## Short descriptive text snippets
- - - - - - -

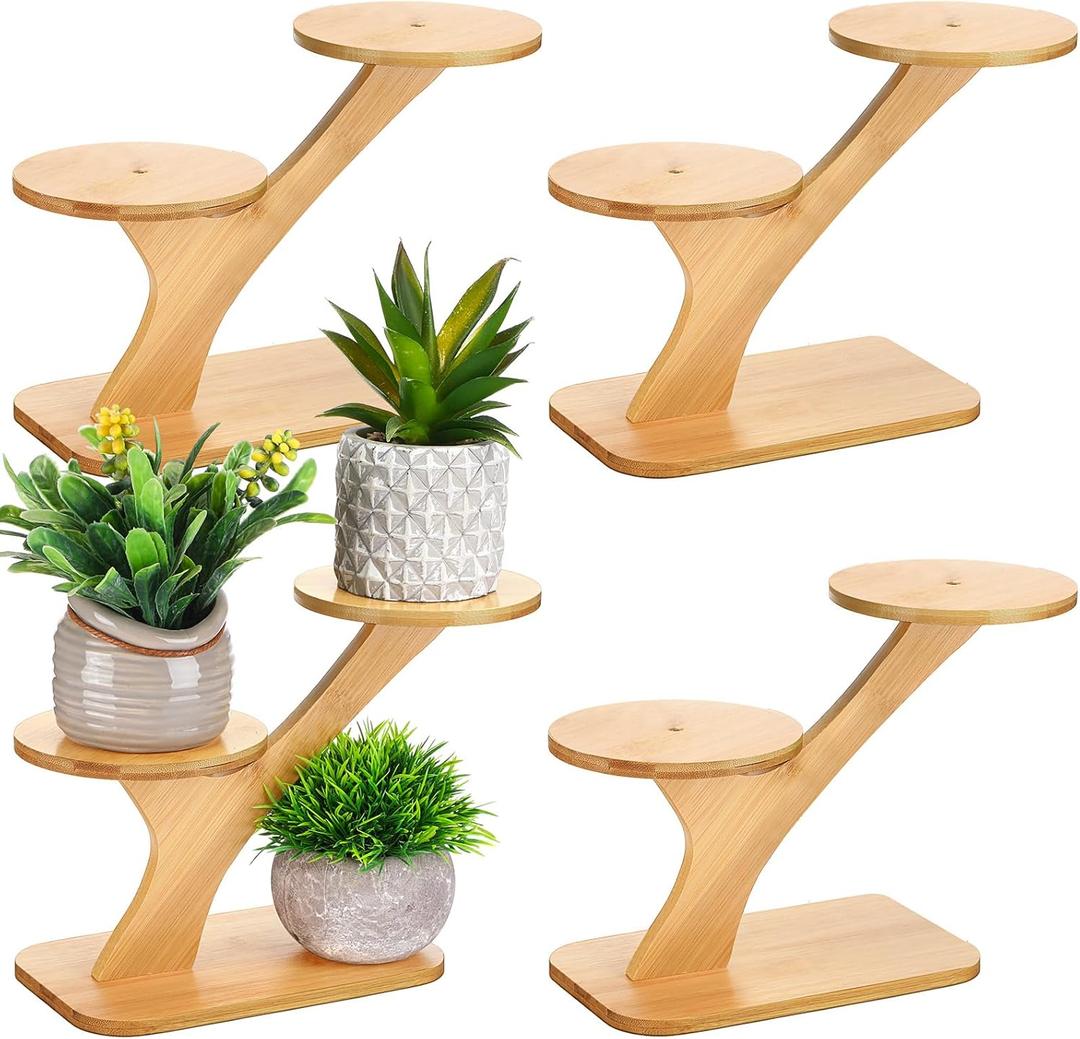 4 Pcs Bamboo Plant Stand for Indoor 3 Tiers Succulent Windowsill Shelf Small Tabletop Plant Flower Holders for Home Garden Patio Lover Gift Office Living Room Bedroom Decoration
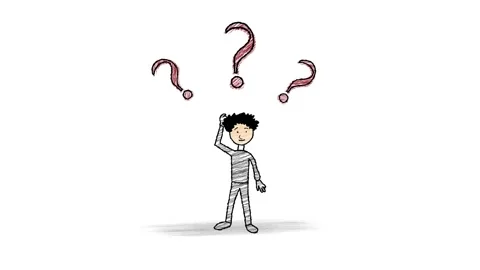 Confused Character with Question Mark Sketch Drawing Animation. Man with Do.. Stock Footage 305710464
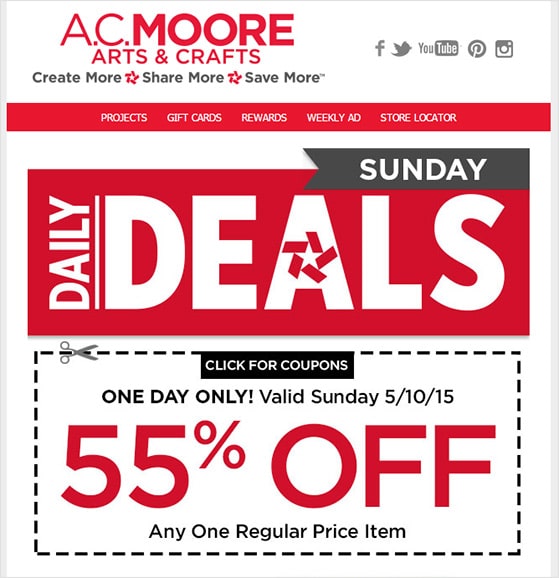 ACmoore email newsletter coupons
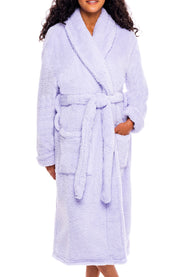 Women's Lavender Plush Fleece Robe, Shaggy Feather Bathrobe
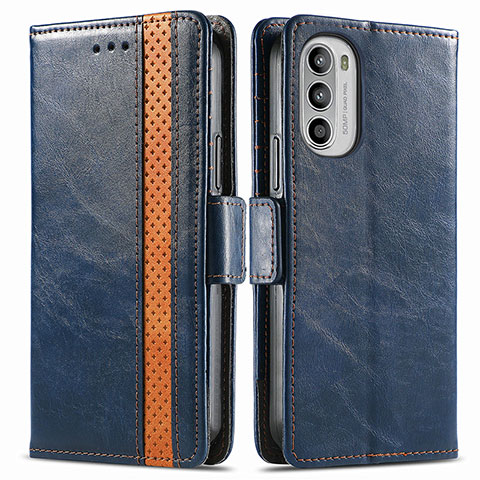 Coque Portefeuille Livre Cuir Etui Clapet S02D pour Motorola Moto Edge (2022) 5G Bleu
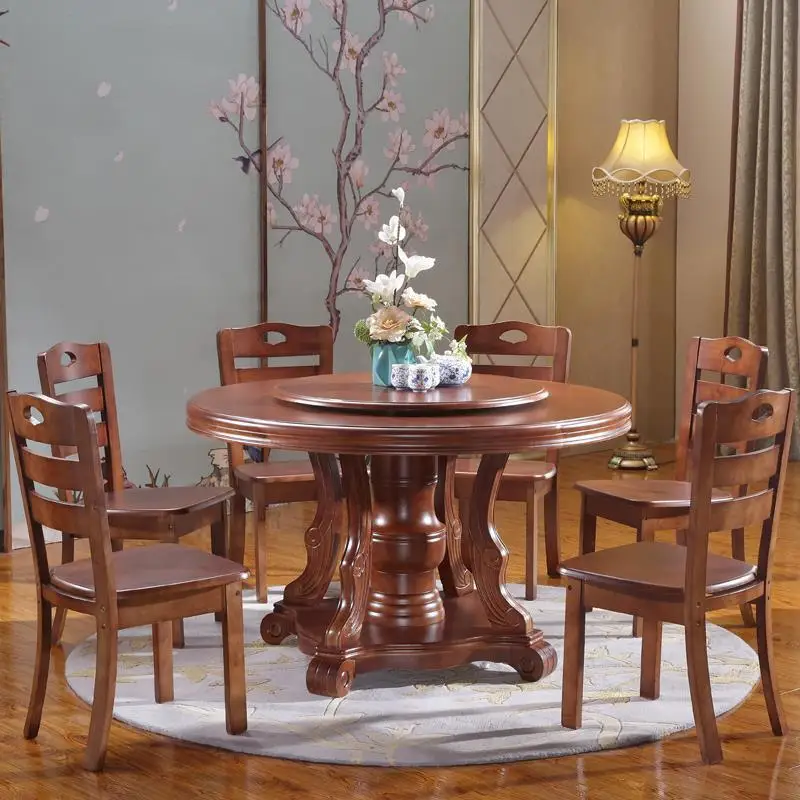 Escrivaninha Room Juego Tafel De Jantar Dinning Set Yemek Masasi Vintage Wooden Round Tablo Desk Mesa Comedor Dining Table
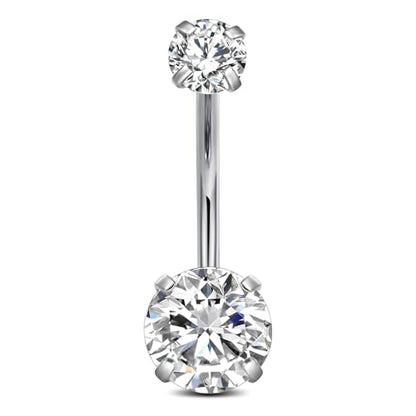 FECTAS 14g Belly Button Rings Surgical Steel CZ Petite Navel Ring for Women Body Piercing Jewelry Petite select Barbell Len 6mm 8mm 10mm 12mm 14mm Silver - style: silver-1pcs-14mm bar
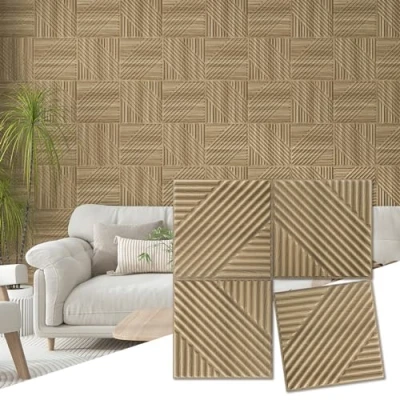 Image of Art3d 33 Pack 3D Wall Panels for Interior Decor, Textured Accent Paneling Living Room, Bedroom, TV Background, 12&quot;x12&quot; Walnut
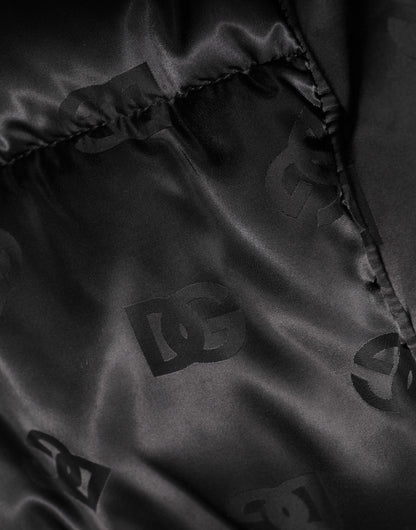 Dolce & Gabbana Black Monogram Logo Puffer Nylon Hooded Jacket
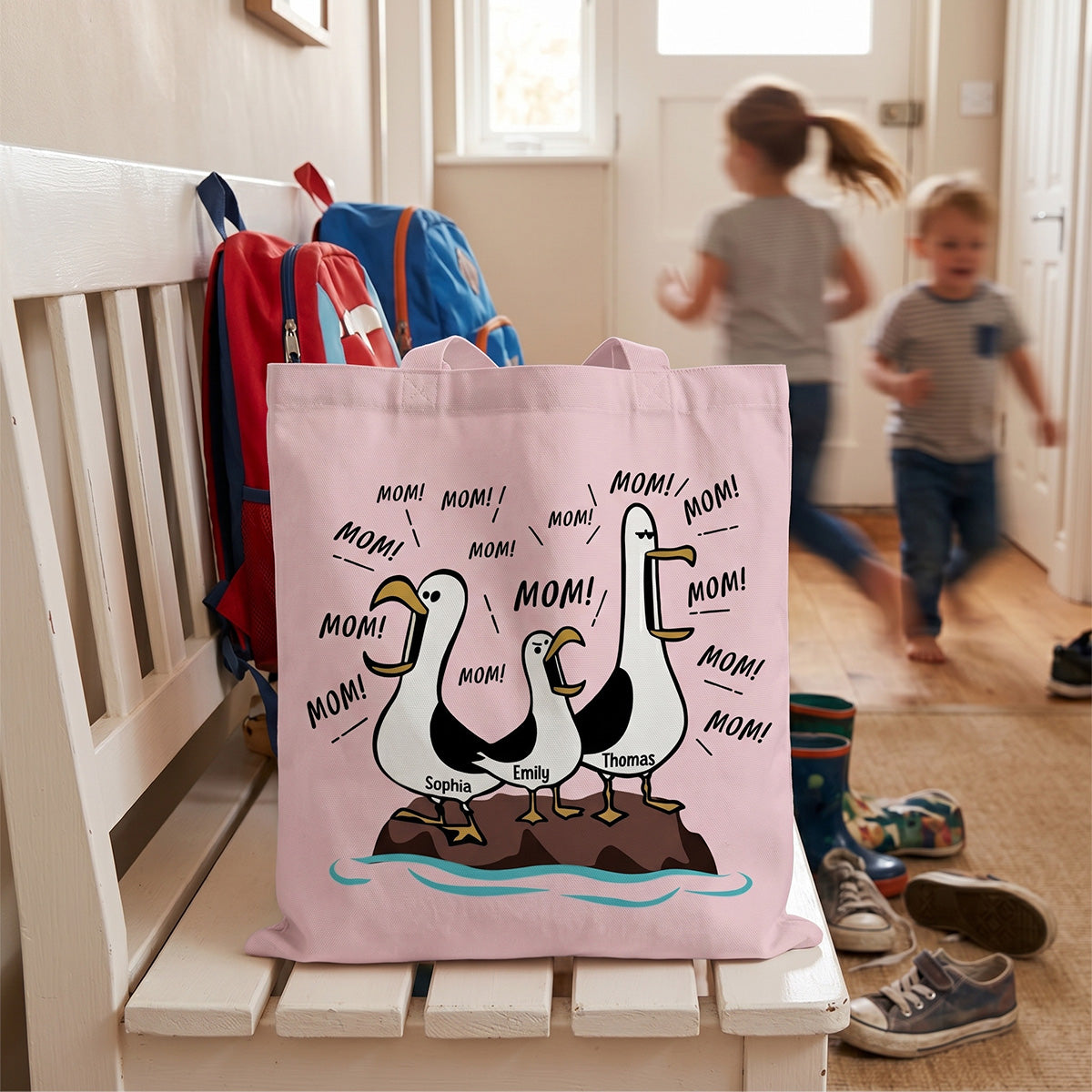 Seagull Mom Mom Mom - Personalized Tote Bag - Funny Mother's Day Gift For Mom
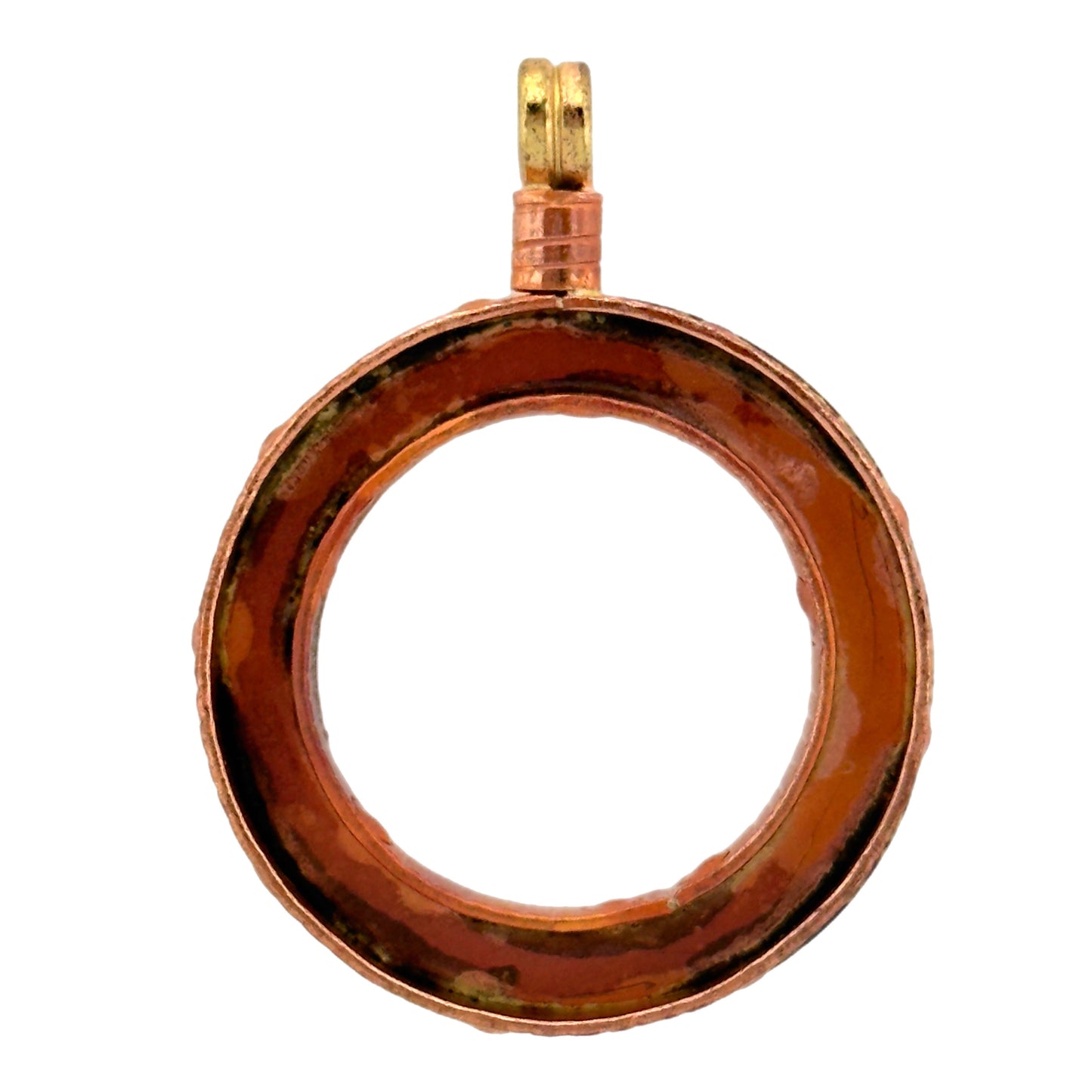 Handmade copper and brass ring bezel pendant with open center for resin or mosaic jewelry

- - - - - - -

## To do
When you copy the data, keep every line exact and drop the pictures.

## Expected answer
 4 Pcs Bamboo Plant Stand for Indoor 3 Tiers Succulent Windowsill Shelf Small Tabletop Plant Flower Holders for Home Garden Patio Lover Gift Office Living Room Bedroom Decoration
 Confused Character with Question Mark Sketch Drawing Animation. Man with Do.. Stock Footage 305710464
 ACmoore email newsletter coupons
 Women's Lavender Plush Fleece Robe, Shaggy Feather Bathrobe
 Coque Portefeuille Livre Cuir Etui Clapet S02D pour Motorola Moto Edge (2022) 5G Bleu
 Escrivaninha Room Juego Tafel De Jantar Dinning Set Yemek Masasi Vintage Wooden Round Tablo Desk Mesa Comedor Dining Table
 FECTAS 14g Belly Button Rings Surgical Steel CZ Petite Navel Ring for Women Body Piercing Jewelry Petite select Barbell Len 6mm 8mm 10mm 12mm 14mm Silver - style: silver-1pcs-14mm bar
 Image of Art3d 33 Pack 3D Wall Panels for Interior Decor, Textured Accent Paneling Living Room, Bedroom, TV Background, 12&quot;x12&quot; Walnut
 Dolce & Gabbana Black Monogram Logo Puffer Nylon Hooded Jacket
 Seagull Mom Mom Mom - Personalized Tote Bag - Funny Mother's Day Gift For Mom
 Handmade copper and brass ring bezel pendant with open center for resin or mosaic jewelry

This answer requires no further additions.